• [Extracted entries]:
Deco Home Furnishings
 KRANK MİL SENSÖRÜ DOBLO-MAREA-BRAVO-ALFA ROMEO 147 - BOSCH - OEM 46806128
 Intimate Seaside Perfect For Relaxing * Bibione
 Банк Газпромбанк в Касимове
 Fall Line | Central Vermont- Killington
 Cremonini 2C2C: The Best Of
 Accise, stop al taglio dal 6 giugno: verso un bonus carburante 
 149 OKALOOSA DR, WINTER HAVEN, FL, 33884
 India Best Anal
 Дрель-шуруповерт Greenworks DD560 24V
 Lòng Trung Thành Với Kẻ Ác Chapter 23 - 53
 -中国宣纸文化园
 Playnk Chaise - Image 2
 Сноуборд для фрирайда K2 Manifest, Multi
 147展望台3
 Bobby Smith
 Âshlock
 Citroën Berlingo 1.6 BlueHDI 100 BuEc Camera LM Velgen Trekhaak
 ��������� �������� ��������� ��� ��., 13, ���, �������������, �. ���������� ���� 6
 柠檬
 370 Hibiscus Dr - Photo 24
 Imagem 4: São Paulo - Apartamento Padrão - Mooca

• [Directions]: Your answer should consist of the lines from the listing that hold the word "Best".

• [Answer to this task]:
 Cremonini 2C2C: The Best Of
 India Best Anal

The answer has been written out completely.